A hard run with a friend, or a climb out of a deep canyon, or crossing a river, or just lifting weights with a group all trigger deep centers of joy. We evolved to work together; it's how we brought down mammoths, kept the children safe, maintained and grew the tribe.
Together is how we best operate.
Second, I would involve IoT. I love this tech; I think it's so cool that we can start to measure the world, record it, and react much faster, more accurately, and over far longer range than ever we could before. IoT is so clearly the way forward that ignoring it borders on the criminal.
Still, IoT is a dense thicket. To use it you typically have to be able to do more than just make text bold or italic; there's code involved, hardware, software, connectivity, and more.
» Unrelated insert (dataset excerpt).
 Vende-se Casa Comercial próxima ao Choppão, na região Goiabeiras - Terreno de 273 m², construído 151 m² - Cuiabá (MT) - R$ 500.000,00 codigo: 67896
In fact, the deeper you get into IoT, the more you need to know just to get something simple to work.
How then can we integrate the joy of action together with the barriers of getting something to actually work that surround IoT?
BEGINNINGS
Years ago, when I was deep in my metal working phase, a buddy of mine came by to give me a couple of heavy iron elongated pyramids that looked like teeth off a robot T-rex.
In actual fact they were the worn out teeth of the San Diego bay dredger, the thing that digs out the bottom of the bay so it's deep enough for our various and sundry aircraft carriers, destroyers, and other large ships that dock here in America's Finest city and make up much of the US Pacific fleet.
For the longest time I didn't know what to do with 'em. Then one day on the internet back in 2015-ish, I saw some football guys pushing a metal sled.
Ah, I thought, those dredger teeth would make excellent sled feet, and using them as the front skids, I welded together a heavy metal sled out of scrap I had laying around. I pushed it around the neighborhood causing all kinds of grinding-steel-on-concrete noise and was generally very pleased with myself as I bulldogged the thing around the block.
I used it a few times because I love action, but other actions called in both real and virtual worlds, and the sled sat next to the weight rack until last Thursday.
Through a longer turn of events, on that day I ended up pushing the sled to a buddy's house about ½ a mile away as a workout and a challenge for him to push back.
He did, and as I heard it grinding towards me on the street it hit me that I should share this idea, of pushing the sled between houses in a neighborhood, in a way that combined my love of action with my love of IoT, and the rapidly growing capabilities of vibe-coding (which just means working with AI to build something).
COORDINATION
So over the weekend I built a system to coordinate IoT action amongst strangers.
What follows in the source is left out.